Omolabake Adenle is a 35-year-old Nigerian who founded Aja.la Studios, a company that builds natural language & speech processing applications for African languages.

She holds a PhD in Bayesian Signal Processing from Cambridge University where she was a National Science Foundation Graduate Research Fellow and Tau Beta Pi Honors Fellow.

She had been shortlisted for the Innovation Prize for Africa for her voice recognition and speech synthesis software for African languages, a software that can understand and digitize spoken African languages.

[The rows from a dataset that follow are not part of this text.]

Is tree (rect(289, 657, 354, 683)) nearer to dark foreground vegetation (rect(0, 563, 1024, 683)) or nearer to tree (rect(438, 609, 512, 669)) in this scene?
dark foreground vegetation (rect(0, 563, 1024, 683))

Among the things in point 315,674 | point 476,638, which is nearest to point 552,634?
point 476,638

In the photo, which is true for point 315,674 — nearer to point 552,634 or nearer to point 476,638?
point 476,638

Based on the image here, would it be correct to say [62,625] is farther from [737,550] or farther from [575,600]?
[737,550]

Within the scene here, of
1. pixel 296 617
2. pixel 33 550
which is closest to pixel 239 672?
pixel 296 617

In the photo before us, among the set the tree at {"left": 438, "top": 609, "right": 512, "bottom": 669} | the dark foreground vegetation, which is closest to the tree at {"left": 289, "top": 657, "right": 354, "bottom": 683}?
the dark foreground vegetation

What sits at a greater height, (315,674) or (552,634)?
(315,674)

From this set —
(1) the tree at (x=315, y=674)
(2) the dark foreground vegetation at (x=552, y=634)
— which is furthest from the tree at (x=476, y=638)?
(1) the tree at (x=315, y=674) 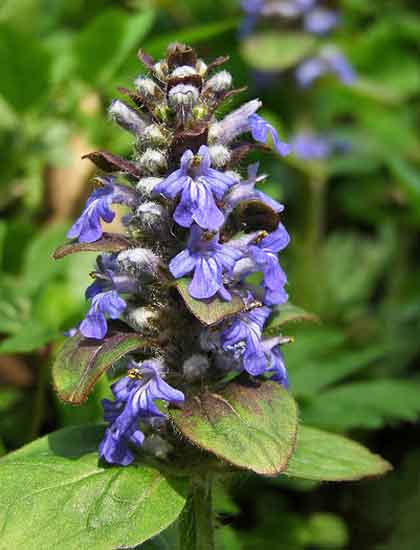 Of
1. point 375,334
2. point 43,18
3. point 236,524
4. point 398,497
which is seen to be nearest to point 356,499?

Her software will not only help newer generations learn languages that are slowly dying, but will also afford those who speak only their local languages enjoy the benefits of the digital revolution – just imagine a voice assistant (Siri, Google Now) that can take instructions in and speak Yoruba.

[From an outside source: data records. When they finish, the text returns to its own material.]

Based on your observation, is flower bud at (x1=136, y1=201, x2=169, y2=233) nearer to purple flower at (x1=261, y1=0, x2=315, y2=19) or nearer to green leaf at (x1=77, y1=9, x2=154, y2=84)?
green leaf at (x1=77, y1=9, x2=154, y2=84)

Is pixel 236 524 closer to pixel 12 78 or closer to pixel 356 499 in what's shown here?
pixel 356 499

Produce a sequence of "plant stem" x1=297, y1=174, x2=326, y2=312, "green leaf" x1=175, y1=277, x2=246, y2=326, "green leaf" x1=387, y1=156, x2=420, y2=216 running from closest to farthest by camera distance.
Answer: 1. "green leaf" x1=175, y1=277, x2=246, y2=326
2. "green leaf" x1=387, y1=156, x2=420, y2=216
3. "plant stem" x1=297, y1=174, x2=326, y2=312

Omolabake Adenle’s Aja.la Studios has already built SpeakYoruba, a Yoruba Language learning app (think Duolingo), and is looking to build more learning apps for African Languages under its SpeakAfricaApps project

 Digitizing African languages like this will allow Africans to interact with a wide range of devices and third-party software applications in their local languages.

While voice recognition and speech synthesis software have been developed for various Western and Asian languages, there has been very limited commercial application or academic research for African languages.

This innovation will open up opportunities for Africans with low literacy levels – or those that simply don’t speak English – to also enjoy the benefits of the digital revolution.